Em algum lugar perdido do universo, num vilarejo de terra vermelha, Angel chega com a missão de livrar as plantações de uva de uma praga que as faz produzir um vinho com um gosto a terra. Em contacto com os habitantes, Angel descobre também uma forma de resolver os seus problemas pessoais. Não se apegue a sinopse simples, Tierra esconde segredos maravilhosos de um dos melhores diretores espanhóis e quem sabe mundiais de nossa época.

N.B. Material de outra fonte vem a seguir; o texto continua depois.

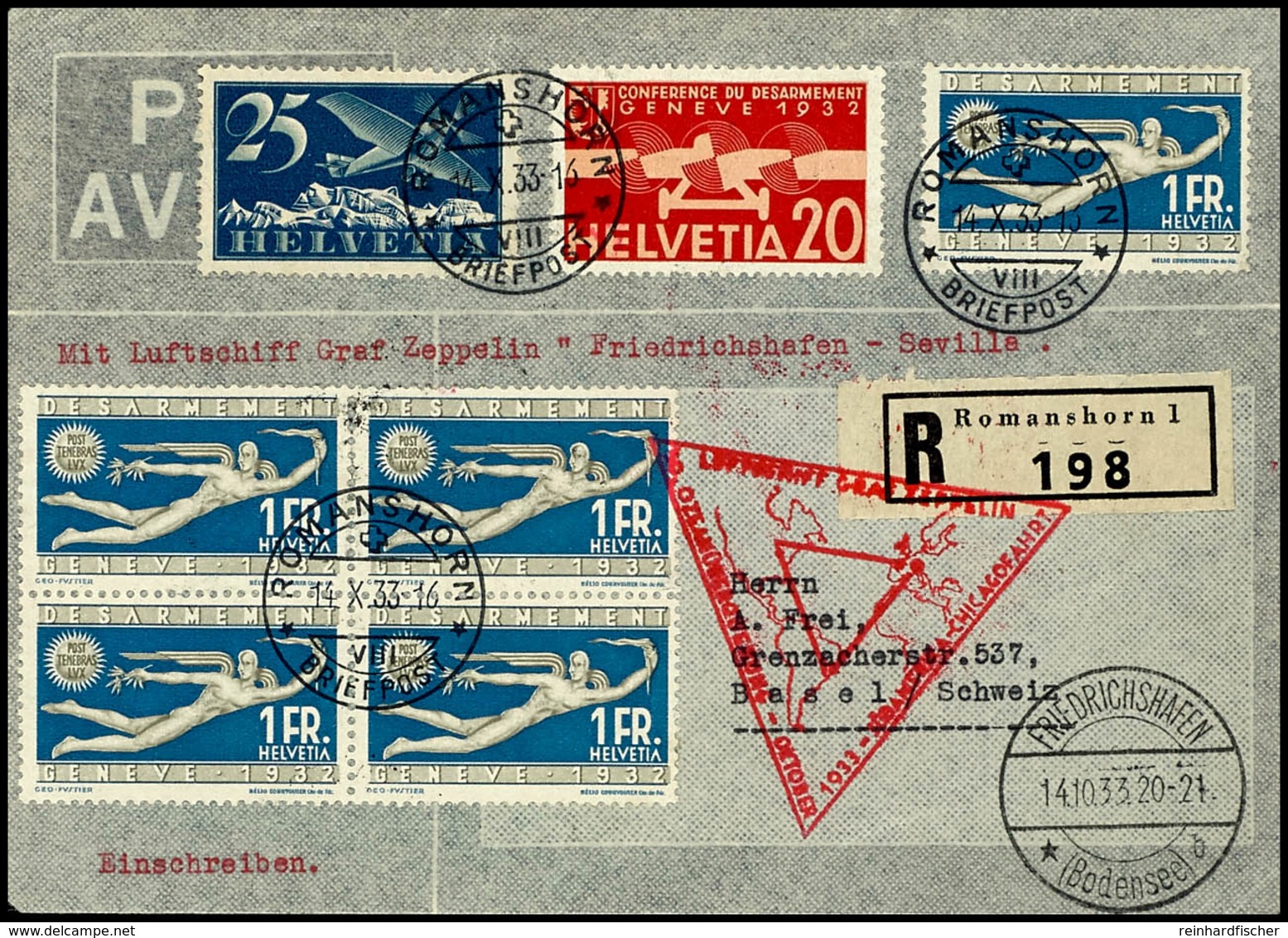 7357 Schweiz: 1933, Chicagofahrt, Auflieferung Friedrichshafen Bis Sevilla, R-Brief Aus ROMANSHORN 14.X. Mit Guter Frank - Sonstige & Ohne Zuordnung
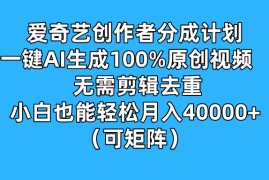 爱奇艺创作者分成计划，一键AI生成100%原创视频，无需剪辑、去重，小白也能轻松月入40000  （可矩阵）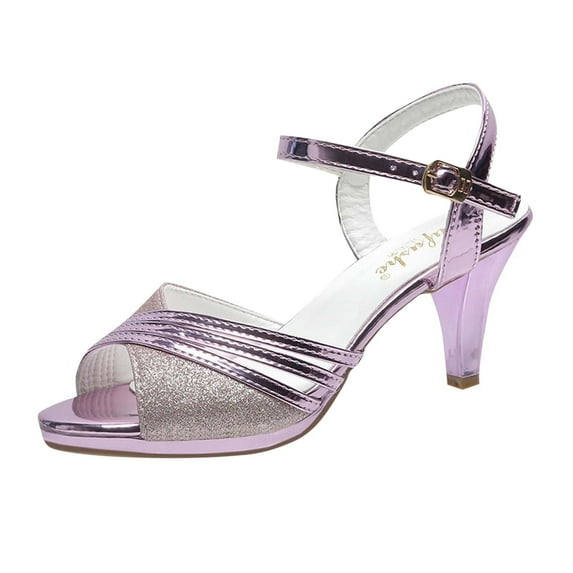 QQAMB Women's Strappy Sandals Glitter Sandals with Block Heel Open Toe Sandals Shoes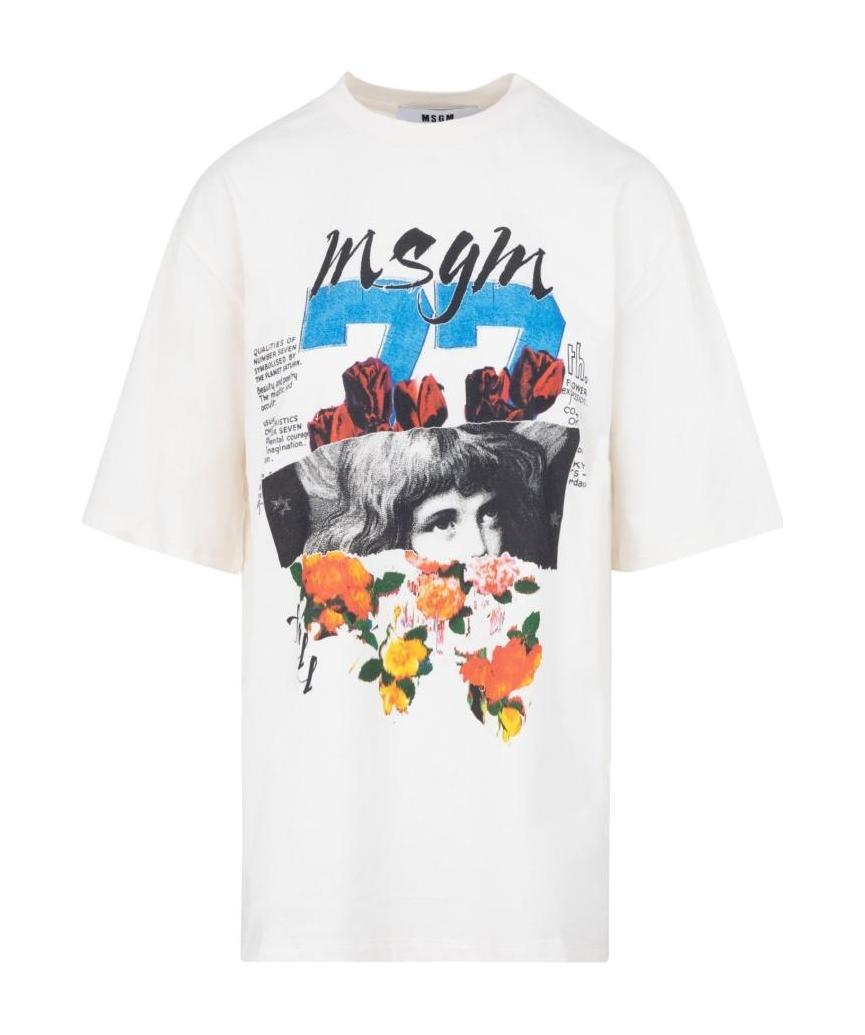 Msgm Graphic-print Cotton T-shirt In White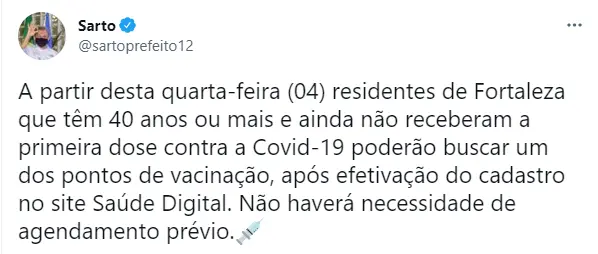 Print da fala do Sarto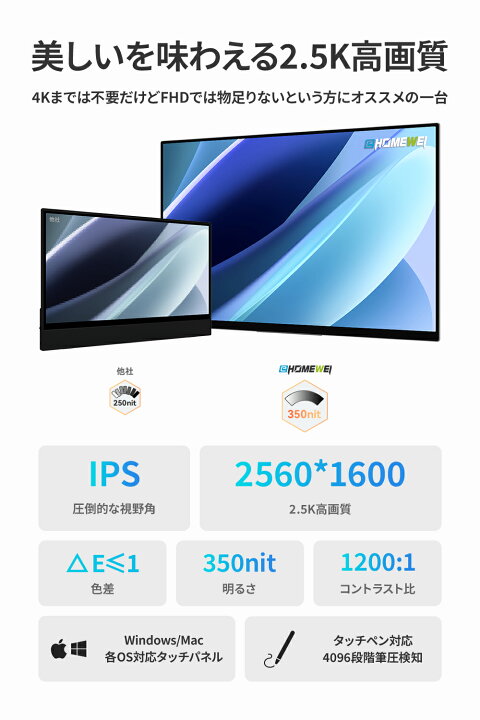 楽天市場】モバイルモニター EHOMEWEI 2.5K 17インチ 2560x1600 光沢  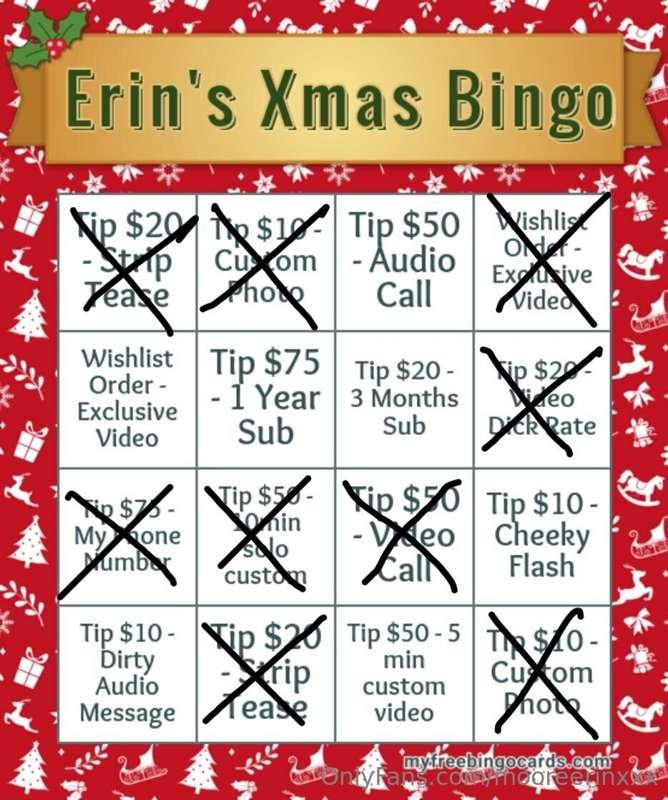 Xmas bingo update !!! 

Last remaining squares still up for ..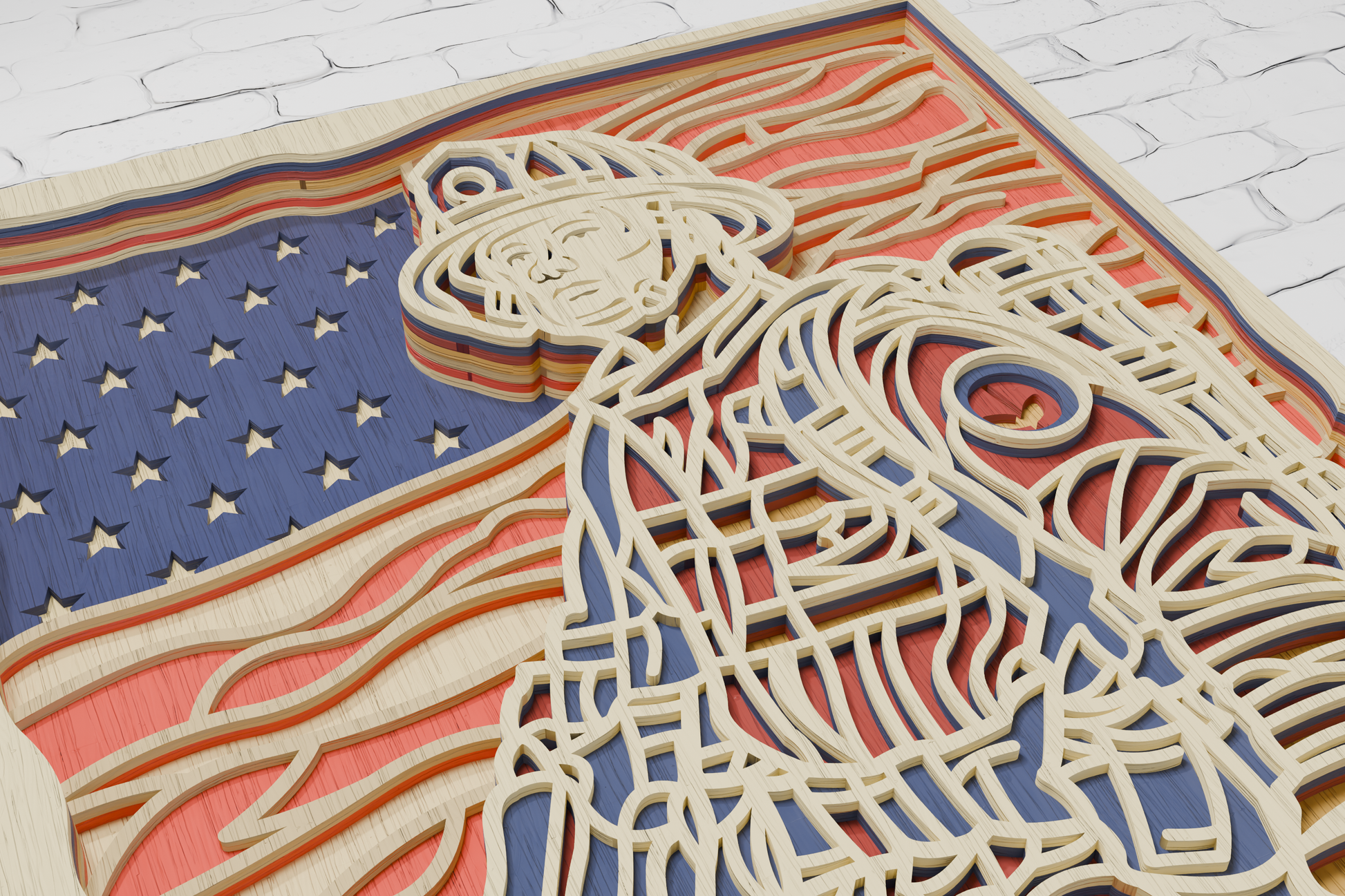 Silhouette-Cameo-Firefighter-Flag-Papercraft-File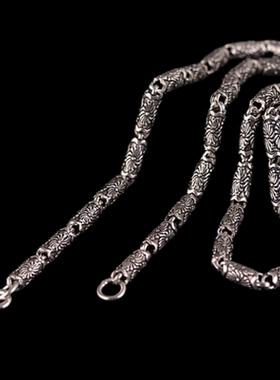 925银项链复古泰银S钩项链吊坠挂绳子男款简单款桶珠颈链银饰礼物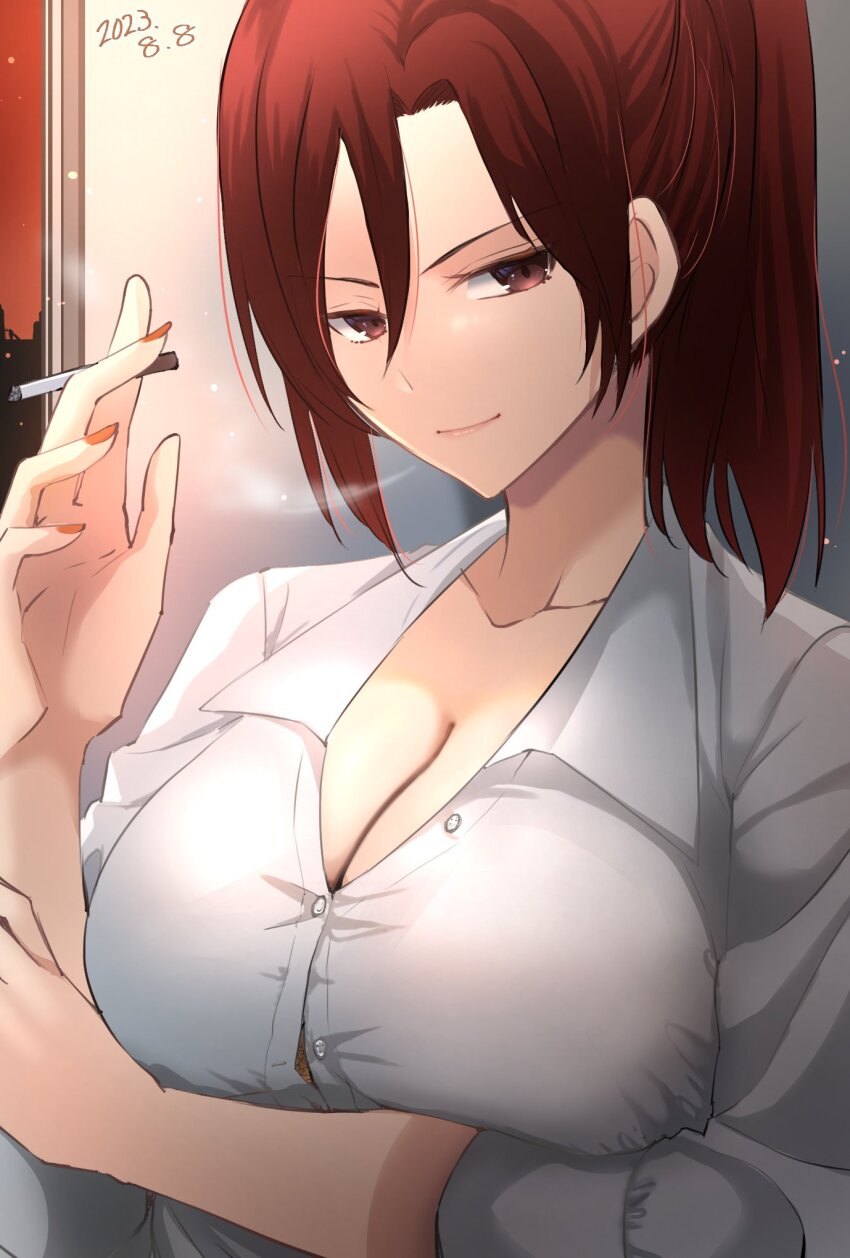 1girl, aozaki_touko, breasts, buttons, cigarette, cleavage, closed_mouth, commentary_request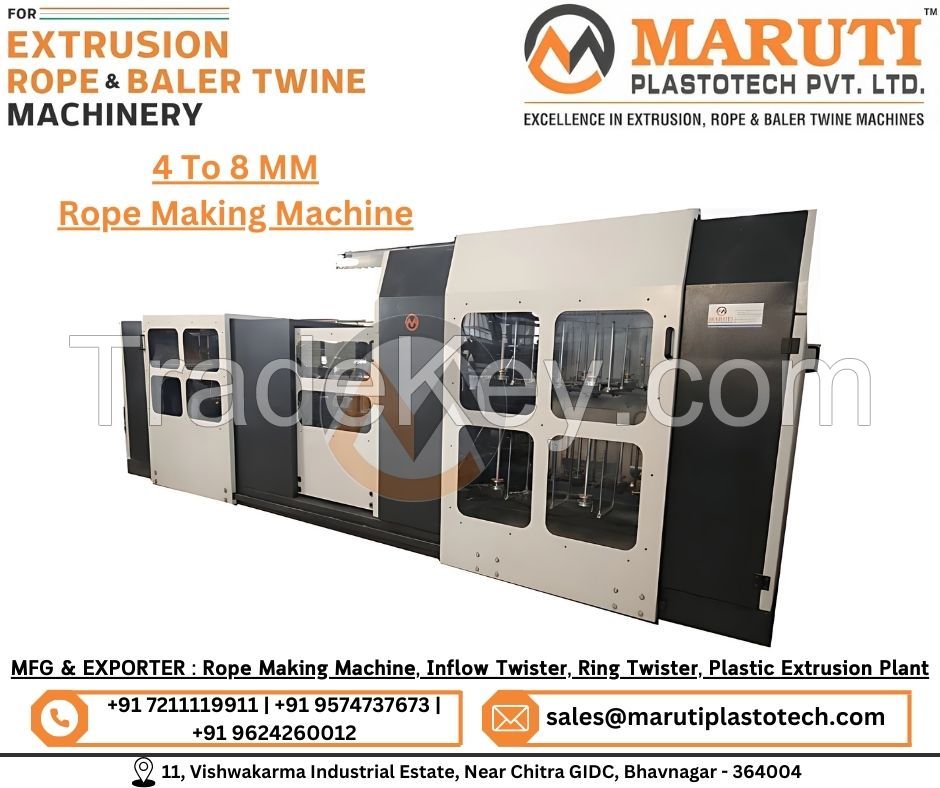 Best 4-8 MM Rope Making Machine Manufacturer In India.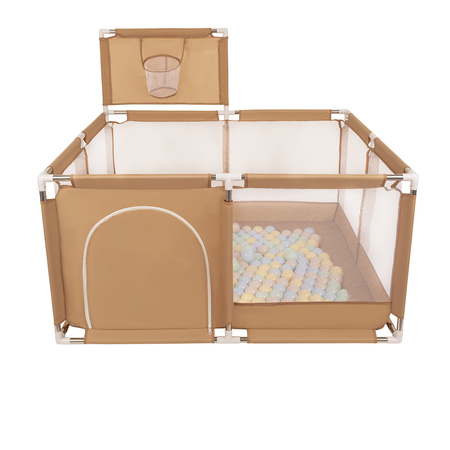 square play pen filled with plastic balls basketball, beige:pastel beige/pastel blue/pastel yellow/mint, 100 balls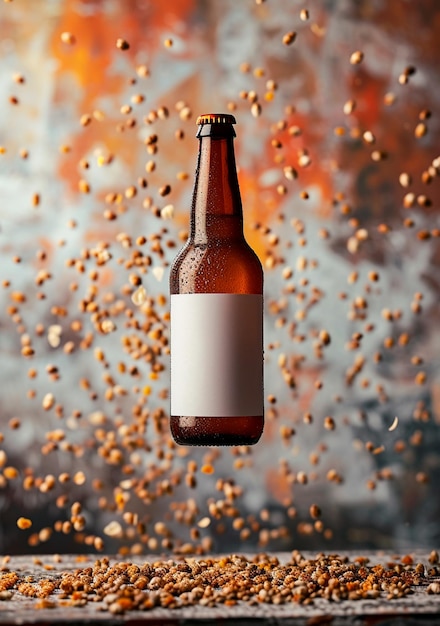 Bouteille de bière à étiquette blanche sur fond de houblon sec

Do mesmo diretor de "Os Amantes do Círculo Polar".
Direção:
Julio Medem
Ano:
1996
País:
Espanha
Gênero:
Drama, Romance
Duração:
125 min. / cor
Título Original:
Tierra
Elenco:
Silke, Nancho Novo, Carmelo Gómez, Emma Suárez, Karra Elejalde, Txema Blasco, Ane Sánchez, Juan José Suárez, Ricardo Amador, César Vea

Julio Medem

O cinema espanhol sempre me apaixonou, não contando com Almodóvar, incontestavelmente brilhante e o mais mediático de todos, encontramos um leque variadíssimo de grandes cineastas espanhóis como Bigas Luna, Fernando Trueba, Gonzalo Suárez, Manuel Gómez Pereira, entre outros. E se os referidos são geniais, entre a genialidade existe também Julio Medem, cineasta muito particular, cujos filmes relembram um pouco o trabalho de Buñuel. Desta forma resolvi dedicar algumas horas a visitar o universo de Julio Medem, e vi quatro dos seus filmes, "La ardilla roja", "Tierra", "Los amantes del Círculo Polar" e "Lucía y el sexo". E nos quatro filmes encontramos definitivamente um universo peculiar, Medem é mestre em abordar a mente humana, os sonhos, as ilusões e os pensamentos mais recônditos, assim como as coincidências, os desencontros e os acasos do destino, sendo, para além do realizador, o próprio autor das histórias. Também na escolha dos actores Medem tem um universo singular, pois encontramos muitas vezes os mesmos actores, Nancho Novo surge nos três primeiros filmes que referi, sendo o actor principal em "La ardilla roja", Emma Suárez, Carmelo Gómez e Karra Elejalde surgem em "La ardilla roja" e em "Tierra", Txema Blasco em "La ardilla roja" e em "Tierra" e Najwa Nimri surge em "Los amantes del Círculo Polar" (com uma excelente interpretação, no papel feminino principal) e em "Lucía y el sexo". Já para não falar do filme "Vacas", que ainda não tive oportunidade de ver, mas onde entram também no elenco Carmelo Gómez, Emma Suárez, Txema Blasco e Karra Elejalde. A própria música, que tem um importante papel nos filmes de Medem, fica sempre a cargo de Alberto Iglesias, compositor bastante reconhecido, tendo trabalhado em alguns filmes de Almodóvar e tendo sido nomeado ao Oscar de melhor Banda Sonora Original no filme "O fiel jardineiro". A propósito da colaboração de Alberto Iglesias, o crítico de música de cinema Conrado Xalabarder, considera-o um complemento directo de Medem, "tornando mais acessíveis os seus filmes e convertendo-se no melhor porta-voz da introspecção das personagens, expressando o que escondem os seus olhares e os seus silêncios". Em suma, deparamo-nos com um cineasta singular e genial, que não abdica deste universo especial, e extremamente invulgar, que envolve os seus filmes, ao ponto de recusar a oferta de Steven Spielberg para realizar "A máscara de Zorro".